June 2, 2007
CBOT Corn Review on Friday: Settles lower on profit taking
Chicago Board of Trade corn futures ended lower Friday, unable to improve upon Thursday's gains as light profit-taking ahead of the weekend and the lack of speculative buying limited the upside, analysts said.
July corn settled 3 1/2 cents lower to US$3.86 3/4 per bushel, Sep fell 2 1/4 cents to US$3.89 1/4, and Dec slipped 1 3/4 cents to US$3.83.
Most midday weather forecasts were little changed from earlier outlooks which indicated more favorable growing weather, limiting speculative buying late, a commission house analyst said.
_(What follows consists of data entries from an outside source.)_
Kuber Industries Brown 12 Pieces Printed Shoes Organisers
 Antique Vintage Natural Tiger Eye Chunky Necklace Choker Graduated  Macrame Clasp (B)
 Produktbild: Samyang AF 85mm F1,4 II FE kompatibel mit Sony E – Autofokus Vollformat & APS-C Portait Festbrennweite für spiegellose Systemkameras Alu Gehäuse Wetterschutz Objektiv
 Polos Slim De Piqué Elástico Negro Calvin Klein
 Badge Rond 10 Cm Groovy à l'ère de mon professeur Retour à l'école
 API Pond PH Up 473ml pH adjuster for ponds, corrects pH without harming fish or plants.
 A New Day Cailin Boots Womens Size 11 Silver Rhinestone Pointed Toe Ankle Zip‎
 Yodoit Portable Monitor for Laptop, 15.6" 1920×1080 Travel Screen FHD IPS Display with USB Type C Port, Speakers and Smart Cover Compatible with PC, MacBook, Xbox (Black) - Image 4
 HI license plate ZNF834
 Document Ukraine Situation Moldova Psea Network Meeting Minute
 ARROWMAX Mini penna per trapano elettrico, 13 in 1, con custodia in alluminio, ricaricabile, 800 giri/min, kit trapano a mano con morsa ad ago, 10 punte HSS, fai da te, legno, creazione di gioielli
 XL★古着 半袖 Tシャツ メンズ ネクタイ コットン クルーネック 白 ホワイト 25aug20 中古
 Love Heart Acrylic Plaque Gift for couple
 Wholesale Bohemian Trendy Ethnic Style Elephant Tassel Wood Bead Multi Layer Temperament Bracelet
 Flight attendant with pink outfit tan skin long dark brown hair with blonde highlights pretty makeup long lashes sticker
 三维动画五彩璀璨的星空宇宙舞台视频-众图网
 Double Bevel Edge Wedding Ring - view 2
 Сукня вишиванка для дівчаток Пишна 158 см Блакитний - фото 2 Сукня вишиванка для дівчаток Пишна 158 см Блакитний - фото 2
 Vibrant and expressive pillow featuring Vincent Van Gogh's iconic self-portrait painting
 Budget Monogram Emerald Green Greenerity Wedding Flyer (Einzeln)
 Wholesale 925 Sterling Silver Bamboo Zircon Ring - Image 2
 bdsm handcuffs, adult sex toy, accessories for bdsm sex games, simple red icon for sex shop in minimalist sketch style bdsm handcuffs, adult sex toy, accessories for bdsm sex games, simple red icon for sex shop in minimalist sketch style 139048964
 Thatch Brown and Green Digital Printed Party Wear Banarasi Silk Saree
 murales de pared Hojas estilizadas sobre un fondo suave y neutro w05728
The failure to take out Thursday's highs led to some light technical selling with profit taking adding to the weaker tone, said Clark Neighbors, an analyst with Bump Investor Services.
July corn ended the week over 20 cents above Tuesday's closing level.
The weakness was limited by good-sized gains in soybeans and soybean meal as well as a firm tone in wheat futures, a floor trader said.
"Corn was the laggard Friday in the grains," said Joe Bedore, floor manager at FC Stone.
The unwinding of bull spreads pressed the nearby contracts on talk of increased cash corn sales, a commercial analyst said. In addition, export sales were in line with expectations and had little impact, the analyst added.
The U.S. Department of Agriculture reported that corn export sales for the week ended May 24 were 1,365.6 million metric tonnes, within the range of analyst estimates. From the total, 689,500 tonnes was for delivery in the 2007-08 marketing year.
Price direction on Monday will depend on the rainfall received over the weekend in the eastern U.S. Midwest as well as the Sunday night weather forecasts, a trader said.
Fund buying was estimated at 2,000 contracts.
On daily technical charts, July traded an inside day, within the range established in Thursday's session.
In open auction trades Tenco bought 1,000 July, and Penson GHCO sold 1,200 December.
In options trading JP Morgan sold 500 July US$4.00 calls, 2,500 July US$4.40 calls and 1,000 December US$4.50 calls.
Oat futures settled higher as active fund buying helped prices rally, a floor trader said. The September, December and March open auction contracts all made new life of contract highs.
July oats gained 5 cents to US$2.86 per bushel and December also rose 5 cents to US$2.78.
Ethanol futures ended mixed in thin trade. June ethanol slipped 2 cents to US$2.17 per gallon and July fell .009 cent to US$2.041.
Friday afternoon, the Commodity Futures Trading Commission is scheduled to release the commitment of traders report for the period ending May 29. On Monday, the USDA is scheduled to release the weekly export inspections report at 1100 EDT and the weekly crop progress report at 1600 EDT (2000 GMT).